Anima is an archaic Latin word for soul, life, or rage. Animism is an umbrella term for various beliefs in which non-human spiritual beings exist alongside humanity. To some, there is not only the human soul, animals, plants, stone and geographical features (mountains, caves, bodies of water, etc), and places or specific locations, all have spirits or souls, as well as souls not tethered to bodies of mass. Some forms of animism ascribe souls to abstracts such as words, language, songs, names, emotions, and metaphors for human experience. Throughout history, many forms of animism have been heavily apotropaic; focusing on placating, appeasing, or banishing angry or malevolent spirits. Soul, life, and rage- anima seems to be a perfect fit for a root word.
The first use of the word animism in English is attributed to Sir Edward Tyler in his 1871 anthropological text “Primitive Culture”. By his definition, animism is a primitive belief in natural objects, other than humans, having souls.

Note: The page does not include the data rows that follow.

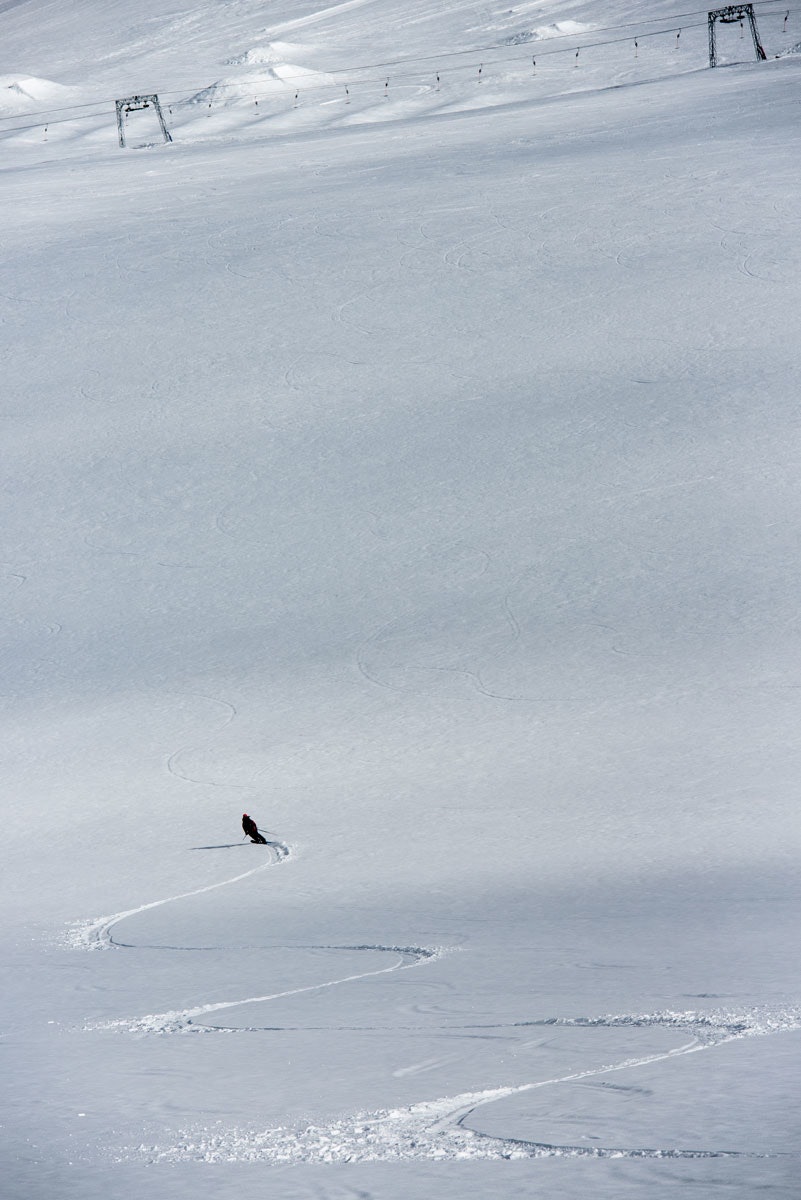 FINT FØRE: UTE-redaktør Gunhild Aaslie Soldal kjører deilig sløsj i skisenteret. Foto: Martin Innerdal Dalen FINT FØRE: UTE-redaktør Gunhild Aaslie Soldal kjører deilig sløsj i skisenteret. Foto: Martin Innerdal Dalen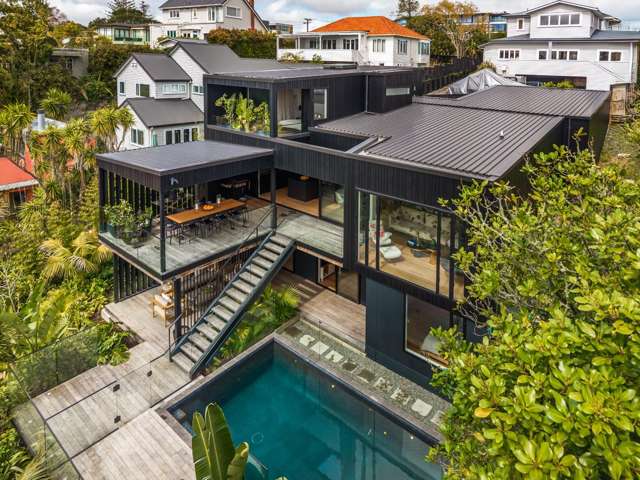 Hidden House in Godden Cres!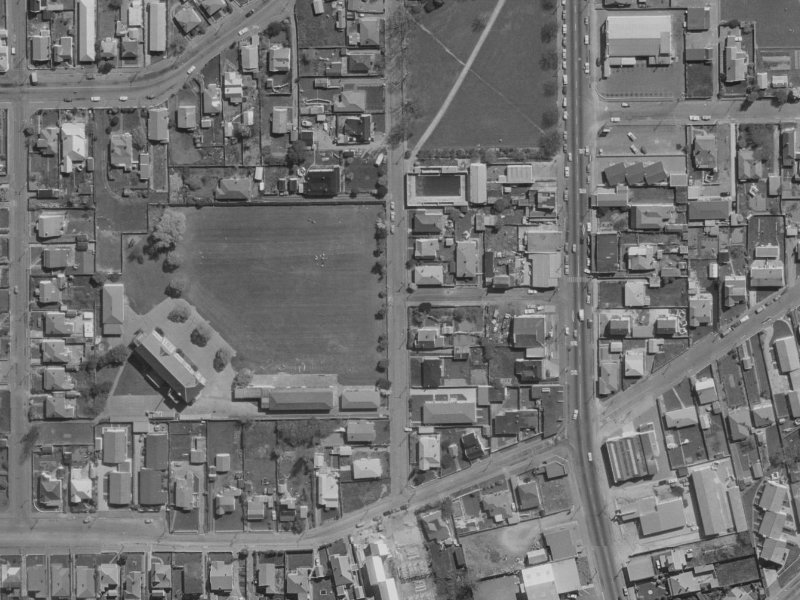 9-19 Pavitt Street from the air, 1970-1974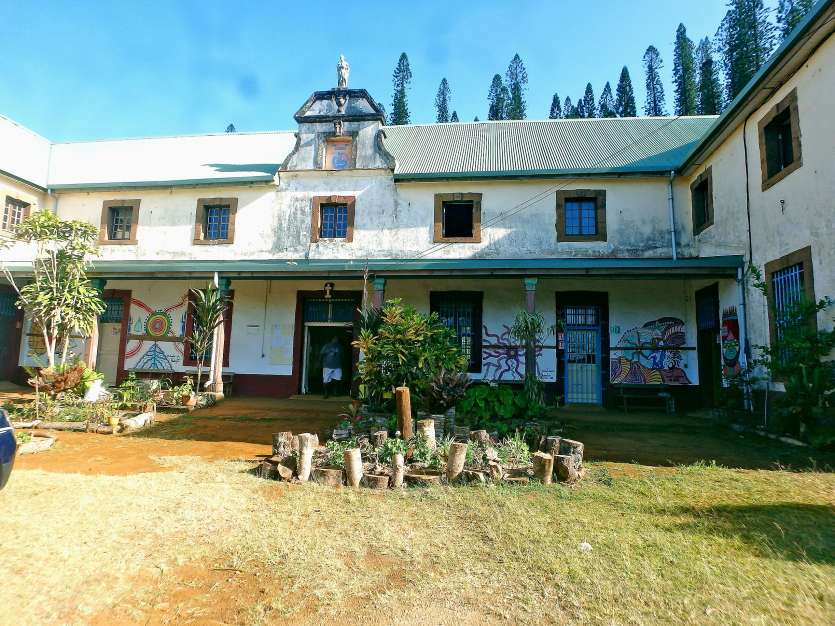 Le collège de Vao a subi plusieurs cambriolages et dégradations depuis le début de l’année. Photo D.R.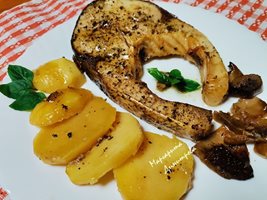 Толстолоб с манатарки и картофи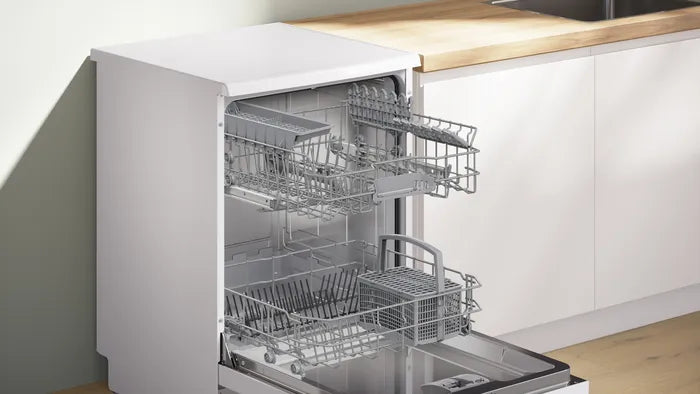 LVJ. BOSCH SMS2HTW06E 5P 46dBA BCO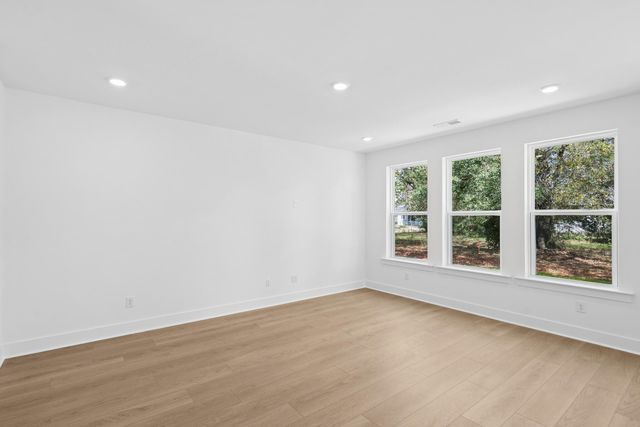 5358 Elder Avenue, North Charleston, SC 29406
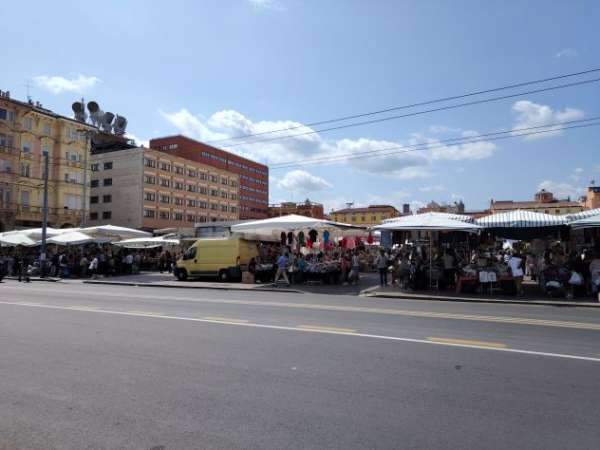 Foto NEL MERCATO "LA PIAZZOLA" AFFITTO POSTEGGIO
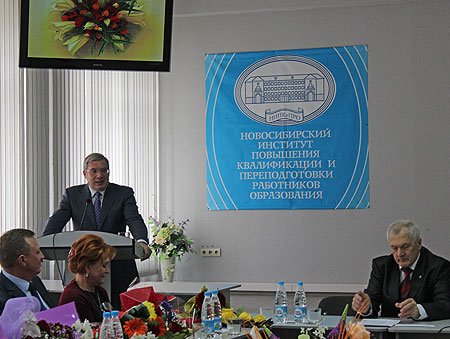 Мы чествуем учителя, наставника, педагога по призванию - Виктор Толоконский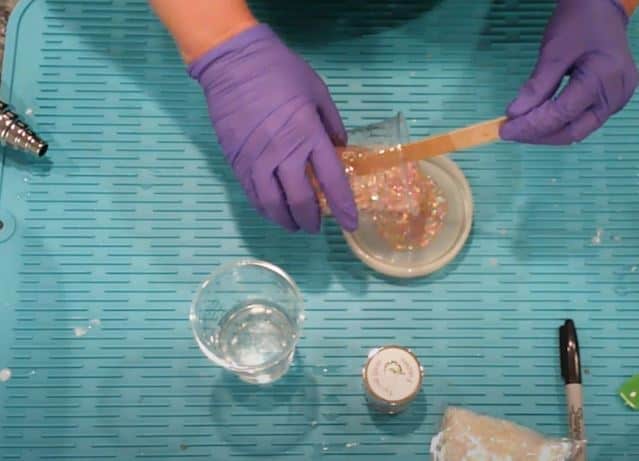 confetti resin art pouring resin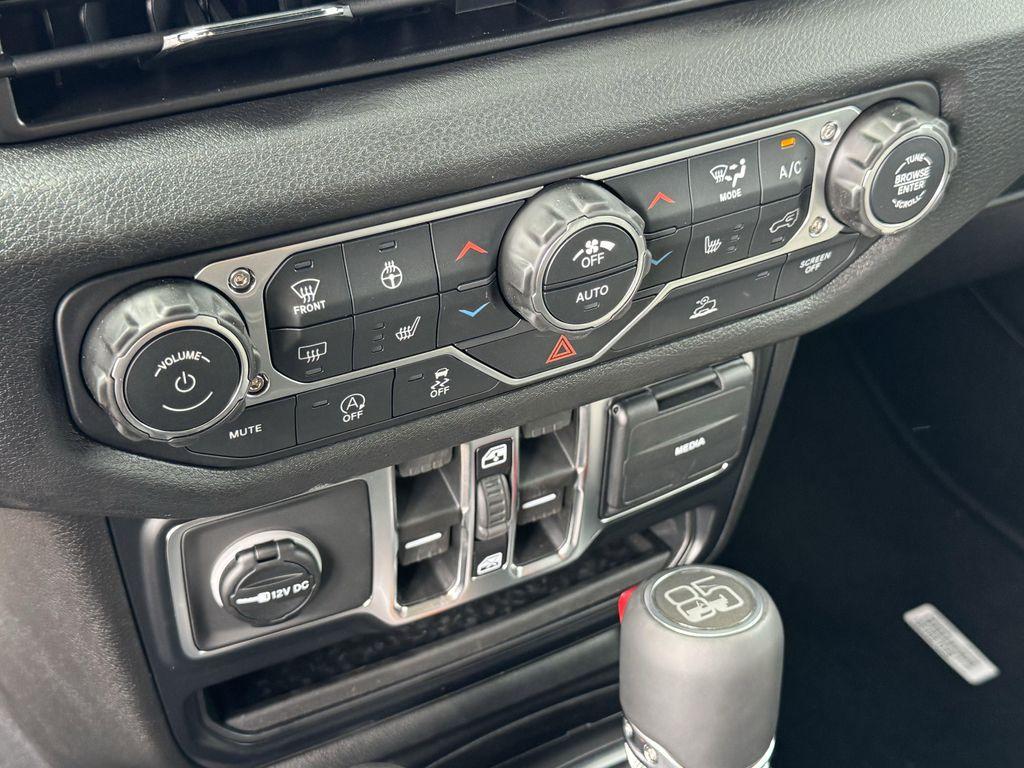 new 2026 Jeep Wrangler car, priced at $46,232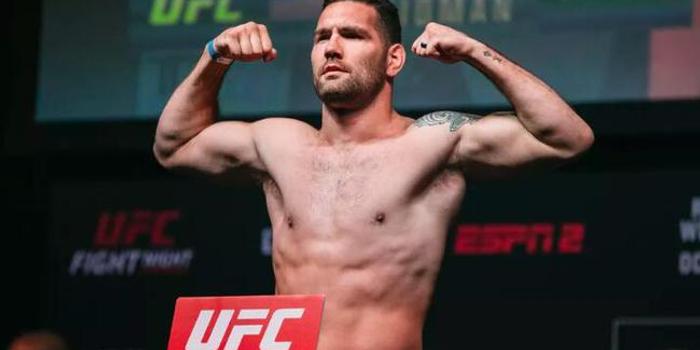 UFC奥克拉荷马城赛 赫尔曼森VS韦德曼中量级对决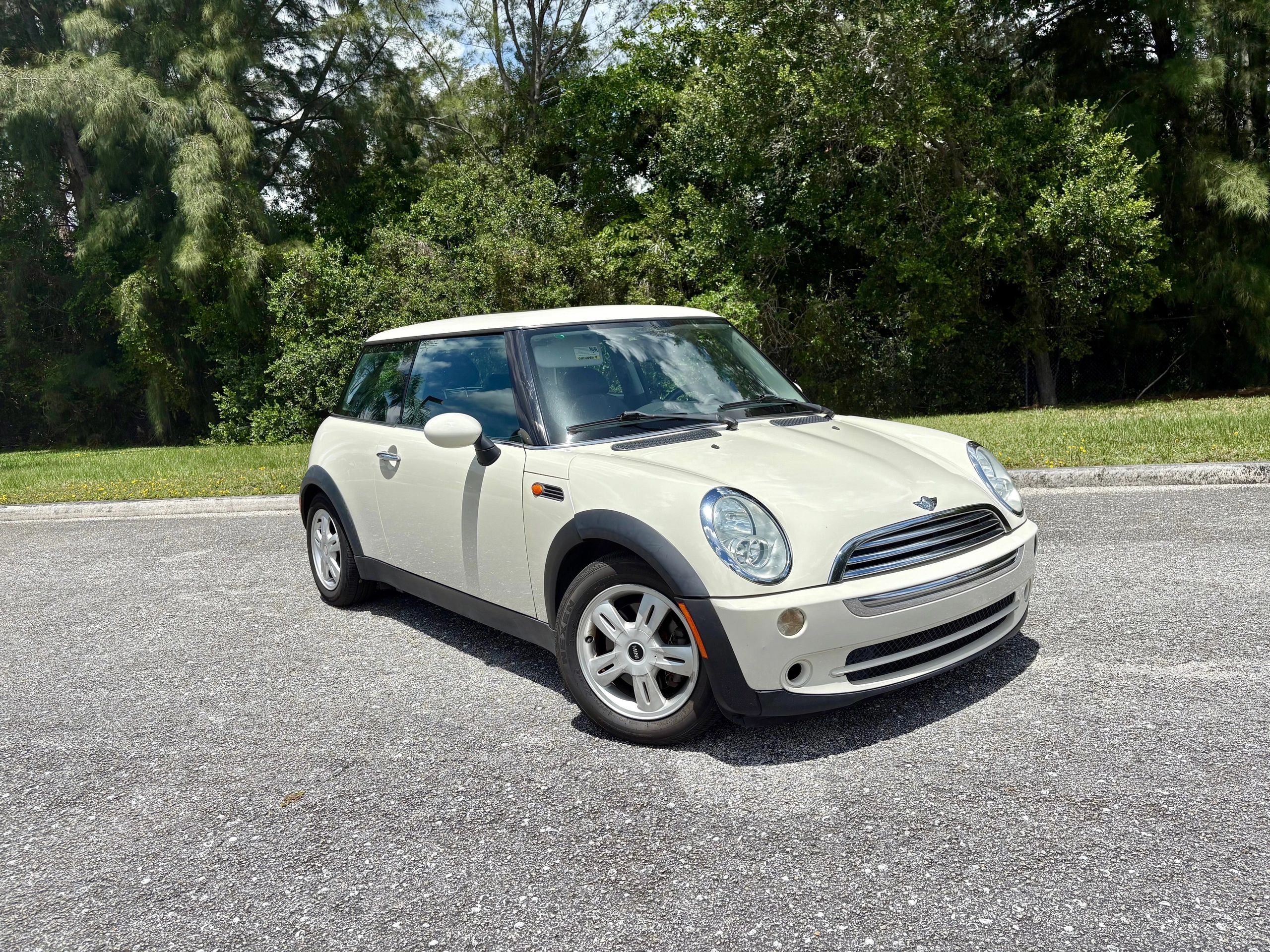 2006 MINI Cooper -'s photo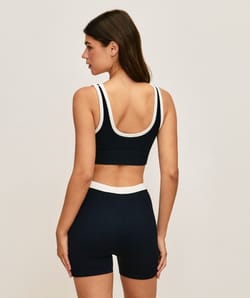 Seamless sport and wellness cyclist;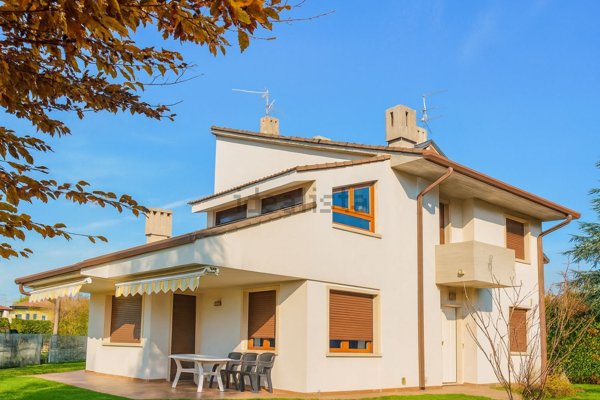 casa indipendente in vendita a Castel d'Azzano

While he viewed animism as childish and primitive, he cannot deny that forms of animism are found the world over. Many to this day are still animists, though not all agree with his initial definition.
I am one of a growing number of persons who defines as an urban animist. We do not believe that spirits/spiritual life is only found in pristine wilderness. To define what is natural by what is untouched by man is inherently not animism. Humanity is a unique, but equal part of nature, we and our inventions are natural. We do not view urban communities as separate from or devoid of nature. Urban places and the unique cultures therein are made of and full of spirits of their own. Urban animism is a highly individualistic belief structure and/or praxis based around ones own urban locale and spirits.
I am an urban animist. After this post, please note that when I refer to urban animism, I will be referring to only my own beliefs and practices.